• _REQUIRED ACTION_:
Would you print every entry below exactly as written, omitting the images?

(Caption-style text data)
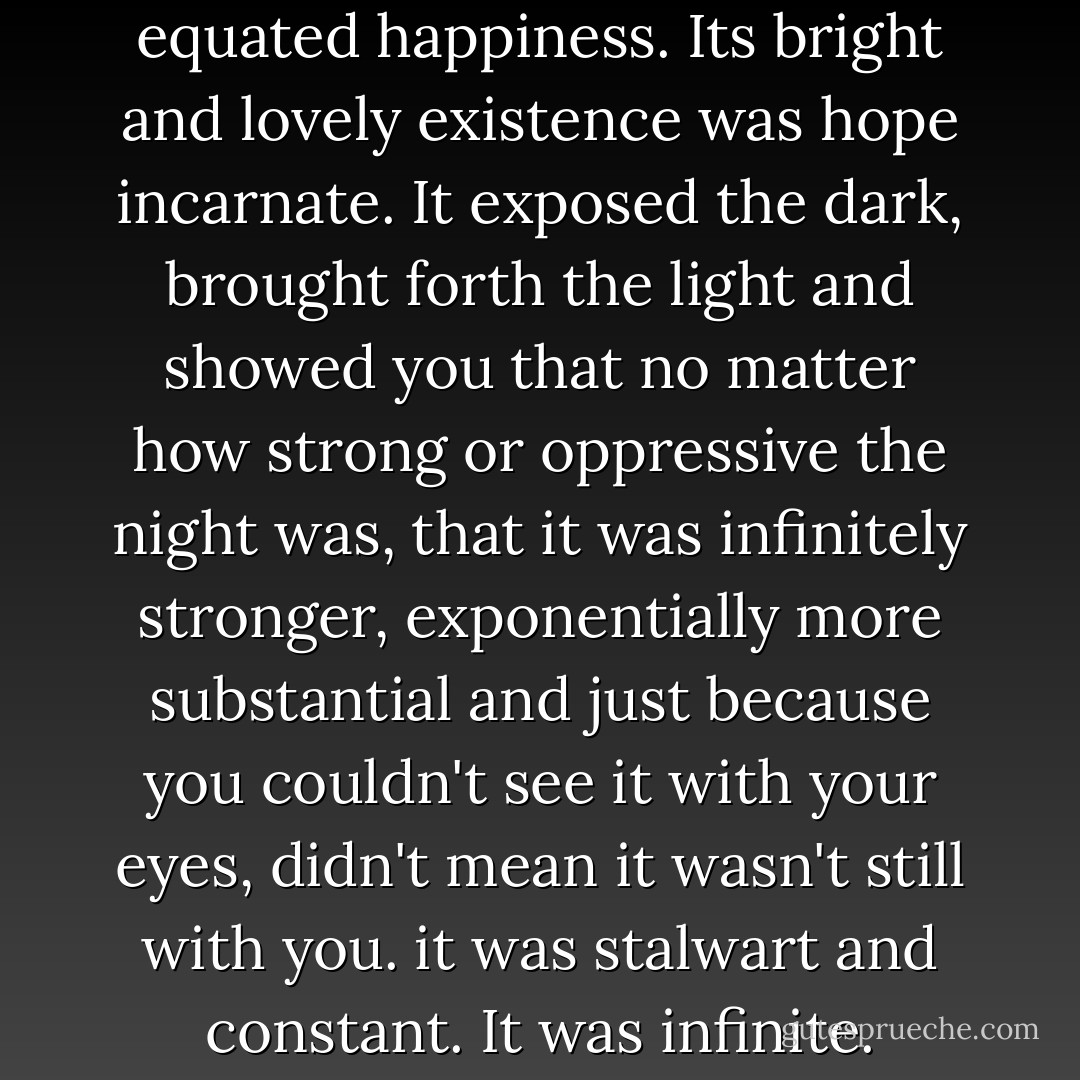 I'd discovered that the sun equated happiness. Its bright and lovely existence was hope incarnate. It exposed the dark, brought forth the light and showed you that no matter how strong or oppressive the night was, that it was infinitely stronger, exponentially more substantial and just because you couldn't see it with your eyes, didn't mean it wasn't still with you. it was stalwart and constant. It was infinite. - Fisher Amelie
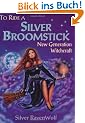 To Ride a Silver Broomstick: New Generation Witchcraft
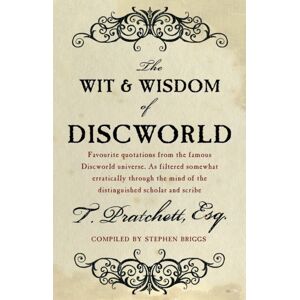 Transworld Publishers Ltd The Wit And Wisdom Of Discworld
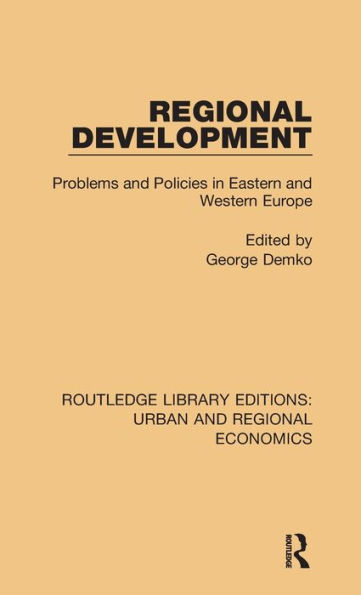 Regional Development: Problems and Policies Eastern Western Europe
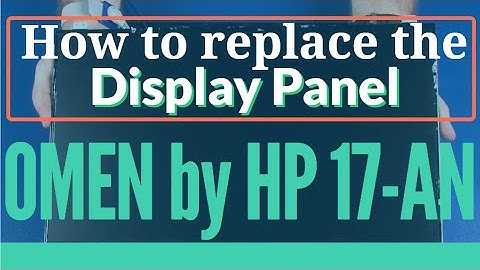How to replace the Display Panel for OMEN by HP 17-AN Series Gaming Laptop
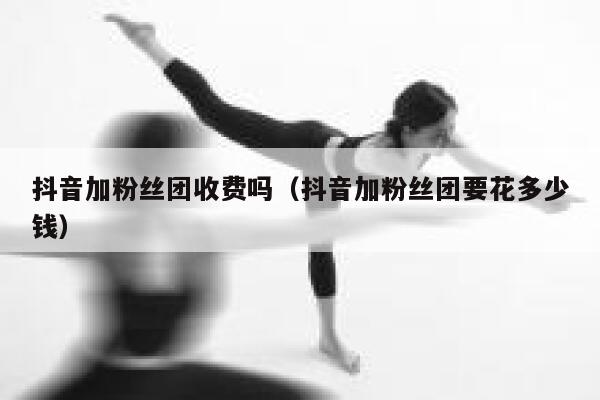 抖音加粉丝团收费吗（抖音加粉丝团要花多少钱） 第1张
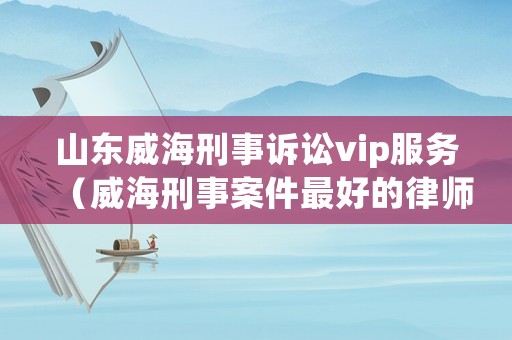 山東威海刑事訴訟vip服務(wù)（威海刑事案件最好的律師）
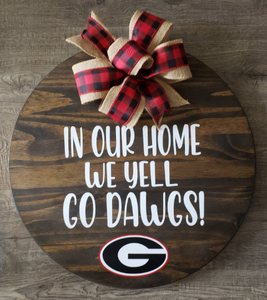 In Our Home We Yell Go Dawgs Door Hanger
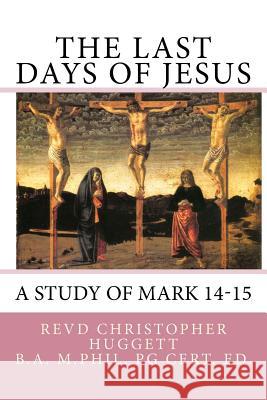 The Last Days of Jesus: A Study of Mark 14-15 Christopher Huggett 9781518734243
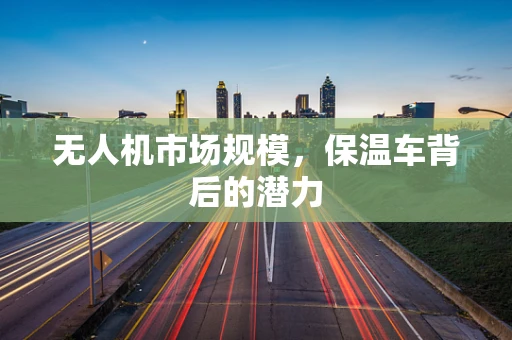 无人机市场规模，保温车背后的潜力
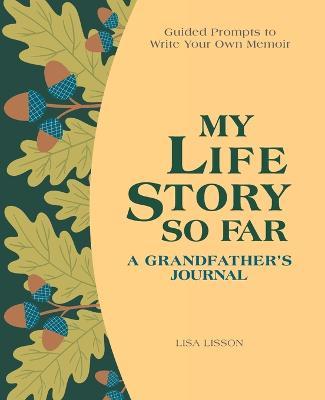 My Life Story So Far: A Grandfather's Journal: Guided Prompts to Write Your Own Memoir - Lisa Lisson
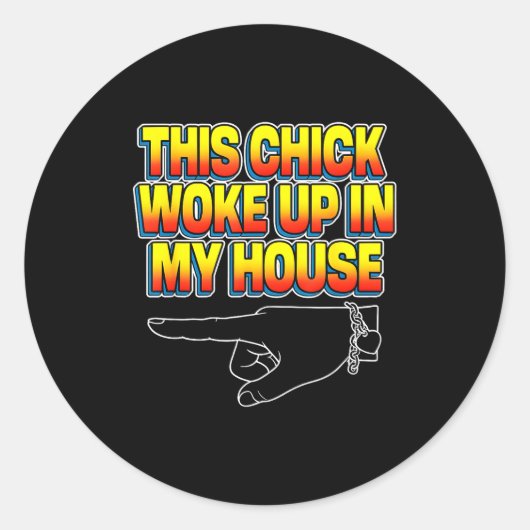 This Chick Woke Up In My House  Ronde Sticker (Voorkant)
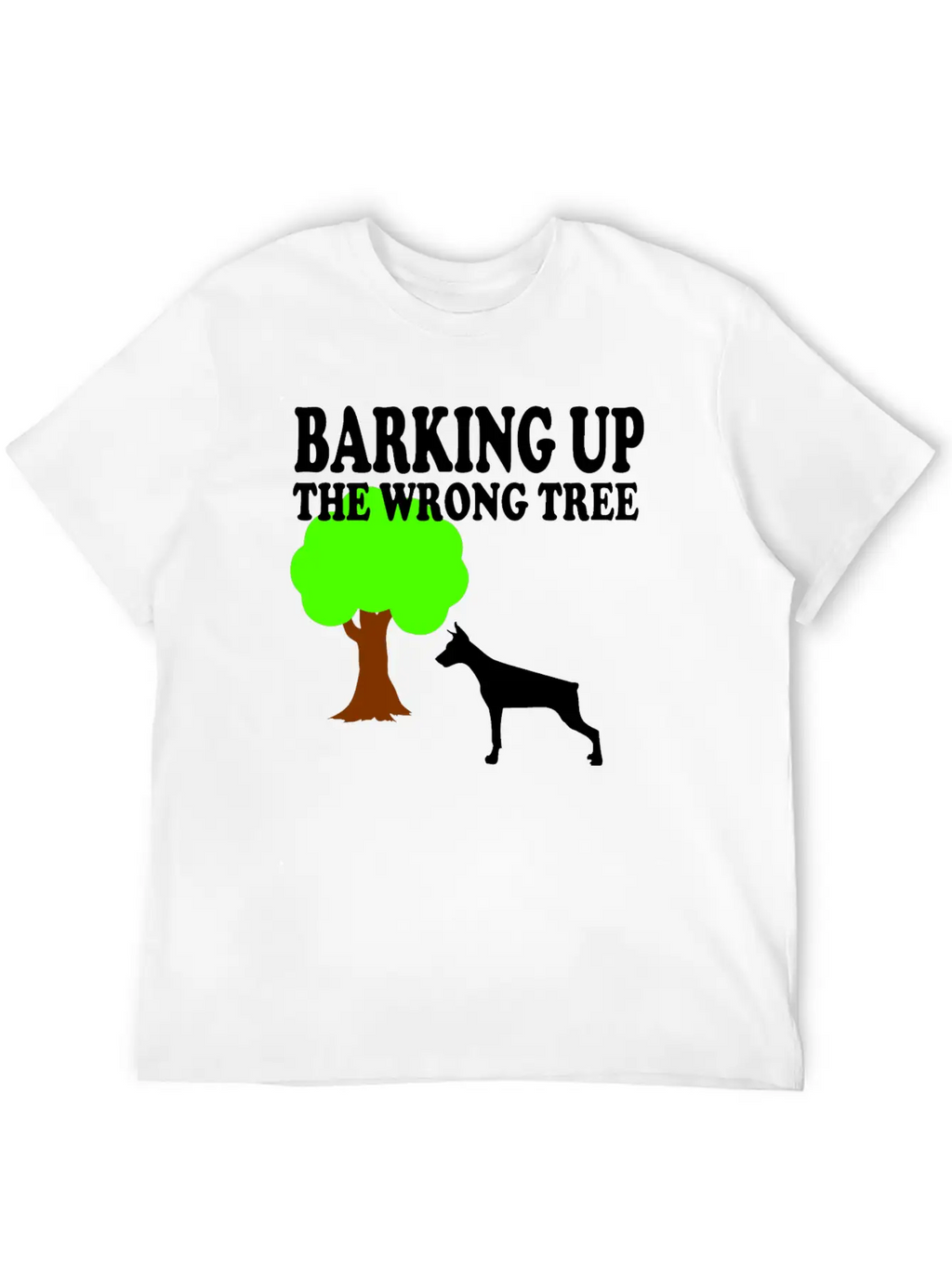 Barking Up The Wrong Tree Stylish Everyday T-Shirt – Unisex Basic Cotton Tee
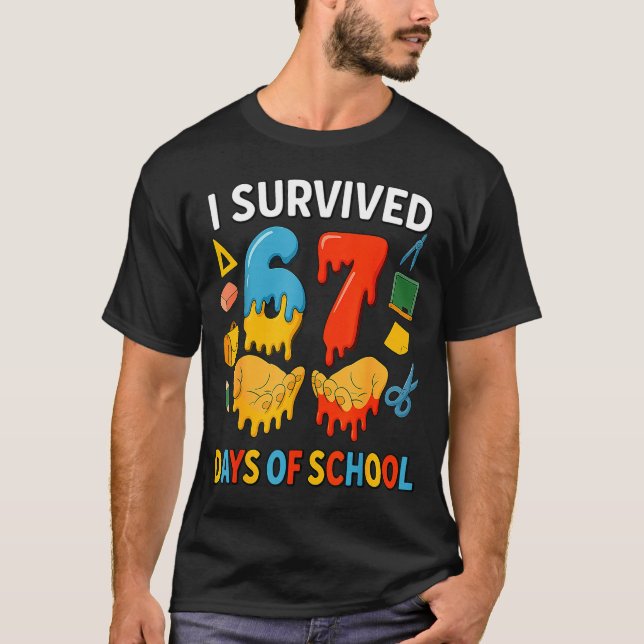 I Survived 67 Days Of School Funny Meme Teacher St T-Shirt (Vorderseite)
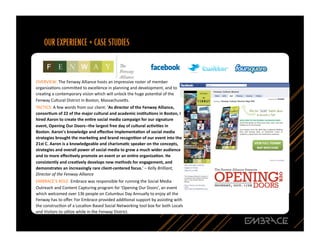 OVERVIEW:	
  The	
  Fenway	
  Alliance	
  hosts	
  an	
  impressive	
  roster	
  of	
  member	
  
organizaQons	
  commi`ed	
  to	
  excellence	
  in	
  planning	
  and	
  development,	
  and	
  to	
  
creaQng	
  a	
  contemporary	
  vision	
  which	
  will	
  unlock	
  the	
  huge	
  potenQal	
  of	
  the	
  
Fenway	
  Cultural	
  District	
  in	
  Boston,	
  Massachuse`s.	
  	
  
TACTICS:	
  A	
  few	
  words	
  from	
  our	
  client:	
  ‘As	
  director	
  of	
  the	
  Fenway	
  Alliance,	
  
consor<um	
  of	
  22	
  of	
  the	
  major	
  cultural	
  and	
  academic	
  ins<tu<ons	
  in	
  Boston,	
  I	
  
hired	
  Aaron	
  to	
  create	
  the	
  en<re	
  social	
  media	
  campaign	
  for	
  our	
  signature	
  
event,	
  Opening	
  Our	
  Doors-­‐-­‐the	
  largest	
  free	
  day	
  of	
  cultural	
  ac<vi<es	
  in	
  
Boston.	
  Aaron's	
  knowledge	
  and	
  eﬀec<ve	
  implementa<on	
  of	
  social	
  media	
  
strategies	
  brought	
  the	
  marke<ng	
  and	
  brand	
  recogni<on	
  of	
  our	
  event	
  into	
  the	
  
21st	
  C.	
  Aaron	
  is	
  a	
  knowledgeable	
  and	
  charisma<c	
  speaker	
  on	
  the	
  concepts,	
  
strategies	
  and	
  overall	
  power	
  of	
  social	
  media	
  to	
  grow	
  a	
  much	
  wider	
  audience	
  
and	
  to	
  more	
  eﬀec<vely	
  promote	
  an	
  event	
  or	
  an	
  en<re	
  organiza<on.	
  He	
  
consistently	
  and	
  crea<vely	
  develops	
  new	
  methods	
  for	
  engagement,	
  and	
  
demonstrates	
  an	
  increasingly	
  rare	
  client-­‐centered	
  focus.’	
  –	
  Kelly	
  Brilliant,	
  
Director	
  of	
  the	
  Fenway	
  Alliance	
  
EMBRACE’S	
  ROLE:	
  Embrace	
  was	
  responsible	
  for	
  running	
  the	
  Social	
  Media	
  
Outreach	
  and	
  Content	
  Capturing	
  program	
  for	
  'Opening	
  Our	
  Doors',	
  an	
  event	
  
which	
  welcomed	
  over	
  13k	
  people	
  on	
  Columbus	
  Day	
  Annually	
  to	
  enjoy	
  all	
  the	
  
Fenway	
  has	
  to	
  oﬀer.	
  For	
  Embrace	
  provided	
  addiQonal	
  support	
  by	
  assisQng	
  with	
  
the	
  construcQon	
  of	
  a	
  LocaQon	
  Based	
  Social	
  Networking	
  tool	
  box	
  for	
  both	
  Locals	
  
and	
  Visitors	
  to	
  uQlize	
  while	
  in	
  the	
  Fenway	
  District.	
  	
  

                                                                                                                        22	
  
 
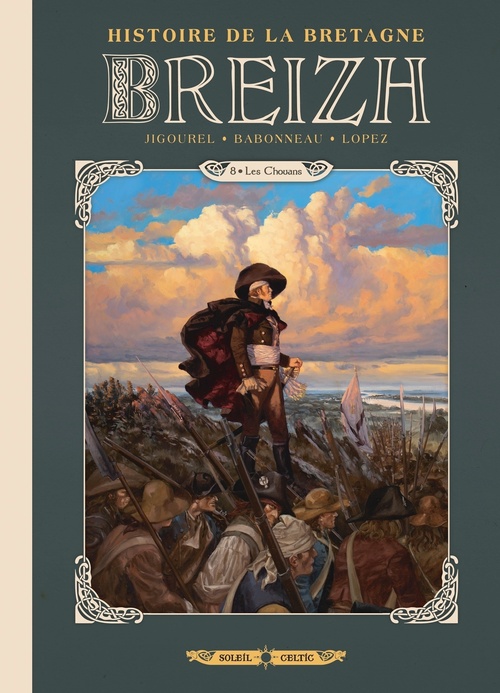Couverture ebook de Breizh Histoire de la Bretagne T08 - Les Chouans, de Nicolas Jarry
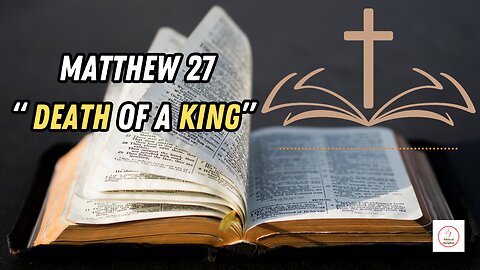 UNLEASHING GOD'S WORD -MATTHEW 27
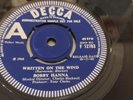 PROMO -BOBBY HANNA - WRITTEN ON THE WIND/ EVERYBODY NEEDS LOVE - DECCA  7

• _EXERCISE RESULT_:
 I'd discovered that the sun equated happiness. Its bright and lovely existence was hope incarnate. It exposed the dark, brought forth the light and showed you that no matter how strong or oppressive the night was, that it was infinitely stronger, exponentially more substantial and just because you couldn't see it with your eyes, didn't mean it wasn't still with you. it was stalwart and constant. It was infinite. - Fisher Amelie
 To Ride a Silver Broomstick: New Generation Witchcraft
 Transworld Publishers Ltd The Wit And Wisdom Of Discworld
 Regional Development: Problems and Policies Eastern Western Europe
How to replace the Display Panel for OMEN by HP 17-AN Series Gaming Laptop
 抖音加粉丝团收费吗（抖音加粉丝团要花多少钱） 第1张
 山東威海刑事訴訟vip服務(wù)（威海刑事案件最好的律師）
 In Our Home We Yell Go Dawgs Door Hanger
 The Last Days of Jesus: A Study of Mark 14-15 Christopher Huggett 9781518734243
 无人机市场规模，保温车背后的潜力
 My Life Story So Far: A Grandfather's Journal: Guided Prompts to Write Your Own Memoir - Lisa Lisson
 This Chick Woke Up In My House  Ronde Sticker (Voorkant)
 Barking Up The Wrong Tree Stylish Everyday T-Shirt – Unisex Basic Cotton Tee
 I Survived 67 Days Of School Funny Meme Teacher St T-Shirt (Vorderseite)
 OVERVIEW:	
  The	
  Fenway	
  Alliance	
  hosts	
  an	
  impressive	
  roster	
  of	
  member	
  
organizaQons	
  commi`ed	
  to	
  excellence	
  in	
  planning	
  and	
  development,	
  and	
  to	
  
creaQng	
  a	
  contemporary	
  vision	
  which	
  will	
  unlock	
  the	
  huge	
  potenQal	
  of	
  the	
  
Fenway	
  Cultural	
  District	
  in	
  Boston,	
  Massachuse`s.	
  	
  
TACTICS:	
  A	
  few	
  words	
  from	
  our	
  client:	
  ‘As	
  director	
  of	
  the	
  Fenway	
  Alliance,	
  
consor<um	
  of	
  22	
  of	
  the	
  major	
  cultural	
  and	
  academic	
  ins<tu<ons	
  in	
  Boston,	
  I	
  
hired	
  Aaron	
  to	
  create	
  the	
  en<re	
  social	
  media	
  campaign	
  for	
  our	
  signature	
  
event,	
  Opening	
  Our	
  Doors-­‐-­‐the	
  largest	
  free	
  day	
  of	
  cultural	
  ac<vi<es	
  in	
  
Boston.	
  Aaron's	
  knowledge	
  and	
  eﬀec<ve	
  implementa<on	
  of	
  social	
  media	
  
strategies	
  brought	
  the	
  marke<ng	
  and	
  brand	
  recogni<on	
  of	
  our	
  event	
  into	
  the	
  
21st	
  C.	
  Aaron	
  is	
  a	
  knowledgeable	
  and	
  charisma<c	
  speaker	
  on	
  the	
  concepts,	
  
strategies	
  and	
  overall	
  power	
  of	
  social	
  media	
  to	
  grow	
  a	
  much	
  wider	
  audience	
  
and	
  to	
  more	
  eﬀec<vely	
  promote	
  an	
  event	
  or	
  an	
  en<re	
  organiza<on.	
  He	
  
consistently	
  and	
  crea<vely	
  develops	
  new	
  methods	
  for	
  engagement,	
  and	
  
demonstrates	
  an	
  increasingly	
  rare	
  client-­‐centered	
  focus.’	
  –	
  Kelly	
  Brilliant,	
  
Director	
  of	
  the	
  Fenway	
  Alliance	
  
EMBRACE’S	
  ROLE:	
  Embrace	
  was	
  responsible	
  for	
  running	
  the	
  Social	
  Media	
  
Outreach	
  and	
  Content	
  Capturing	
  program	
  for	
  'Opening	
  Our	
  Doors',	
  an	
  event	
  
which	
  welcomed	
  over	
  13k	
  people	
  on	
  Columbus	
  Day	
  Annually	
  to	
  enjoy	
  all	
  the	
  
Fenway	
  has	
  to	
  oﬀer.	
  For	
  Embrace	
  provided	
  addiQonal	
  support	
  by	
  assisQng	
  with	
  
the	
  construcQon	
  of	
  a	
  LocaQon	
  Based	
  Social	
  Networking	
  tool	
  box	
  for	
  both	
  Locals	
  
and	
  Visitors	
  to	
  uQlize	
  while	
  in	
  the	
  Fenway	
  District.	
  	
  

                                                                                                                        22	
  
 
Couverture ebook de Breizh Histoire de la Bretagne T08 - Les Chouans, de Nicolas Jarry
 UNLEASHING GOD'S WORD -MATTHEW 27
 PROMO -BOBBY HANNA - WRITTEN ON THE WIND/ EVERYBODY NEEDS LOVE - DECCA  7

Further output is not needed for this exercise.